While 85% of the archipelago’s inhabitants are Muslims, Catholics are in the majority on Flores, where they represent 70% of the population. They’ve developed their own forms of popular piety, such as their Holy Week celebrations, which include an impressive procession of statues of Tuan Ma (Mother Mary) and Tuan Ana (Jesus Christ) that culminates on Good Friday.
This custom dates back half a millennium. According to tradition, a man met a woman who was looking for snails on the beach. The man’s name was Resiona. When Resiona asked the woman her name and where she was from, she simply wrote three words on the sand that read: Reinha, Rosario, Maria (“Queen, Rosary, Mary”). Instantly, the woman was transformed into a wooden statue. It is this same statue that is traditionally said to be carried even today among the people dressed in black as a sign of mourning for Good Friday.
“Our young Church is a missionary Church. We’re sending 500 priests and religious missionaries around the world,” says Bishop Ewaldus Martinus Sedu, the bishop of Maumere, a small diocese on the central island of Flores, Indonesia.
The recipe for such success?
Quite simply the “family soil,” according to this bishop. Catholic families in Flores, by receiving the sacraments and practicing charity, provide “an environment where the seeds of God can be sown,” the bishop explains.

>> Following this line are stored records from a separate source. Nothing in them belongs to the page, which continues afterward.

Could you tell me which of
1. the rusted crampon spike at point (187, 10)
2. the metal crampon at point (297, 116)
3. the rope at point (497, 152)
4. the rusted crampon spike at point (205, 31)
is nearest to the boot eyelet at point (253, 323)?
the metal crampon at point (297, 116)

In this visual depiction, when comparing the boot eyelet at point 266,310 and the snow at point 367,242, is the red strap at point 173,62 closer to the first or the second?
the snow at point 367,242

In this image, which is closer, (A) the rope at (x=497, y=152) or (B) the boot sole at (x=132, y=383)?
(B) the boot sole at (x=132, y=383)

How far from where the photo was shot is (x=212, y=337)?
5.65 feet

In particular, the Verbite Missionaries’ seminary, which trains 1,200 seminarians, is the largest in the world, according to the Pontifical Mission Societies (PMS). The five dioceses that make up the island have 847 priests and 646 indigenous seminarians, according to gcatholic.org.
A priest’s testimony
Fr. Patrick Suryadi, ordained on October 4, 2017, was born into this fervent atmosphere. He rejoices in the role of educator and peacemaker that the Church plays in his homeland.

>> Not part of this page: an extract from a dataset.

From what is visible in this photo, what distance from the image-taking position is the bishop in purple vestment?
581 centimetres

On the island, there are six very diverse ethnic groups with different ways of life and languages, each of whom mostly lives in isolation. The priest is happy to see the efforts made in the seminary so that the various ethnic groups get to know each other. During his training, he was taught to respect this diversity, which the people of Flores themselves often misunderstand because of the divisions between ethnic groups.
The main challenge he faces as a priest is the poverty of his parishioners, as the island of Flores is one of the poorest in the archipelago. The islanders work mainly in agriculture. However, the priest has noticed a change in the mentality of his compatriots, who are increasingly interested in the quality of their children’s education. “They’re beginning to realize that the slogan ‘dempul wuku tela toni’ (‘working the land until you break your nails and have your back burned by the sun,’ editor’s note) is not a guarantee for a prosperous life, but rather intelligent, effective, and efficient work, and this can only be done through education.”

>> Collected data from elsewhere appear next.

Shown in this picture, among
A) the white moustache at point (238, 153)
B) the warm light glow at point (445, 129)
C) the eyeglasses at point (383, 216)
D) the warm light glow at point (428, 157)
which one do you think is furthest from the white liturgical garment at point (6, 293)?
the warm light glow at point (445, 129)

Being a priest means being a servant
The Church also plays a great role in education. Indonesian children now all have access to school, but the level of education at public schools is not good. Therefore, the presence of Catholic schools and, since 2019, of a Catholic university, is improving access to quality education. Considering the social role it plays, it’s not surprising that the Church enjoys a good reputation among the population, but this prestige has a downside, warns Fr. Suryadi.
“The people of Flores see the priest as a representative of Christ and a holy person. That’s why the social status of priests in Flores is considered superior,” he says. That status could lead to young men pursuing a priestly vocation for the wrong reasons. On the contrary, “being a priest means being a servant,” recalls Father Patrick Suryadi, who relies on seminary training to, in his words, “confirm vocations.”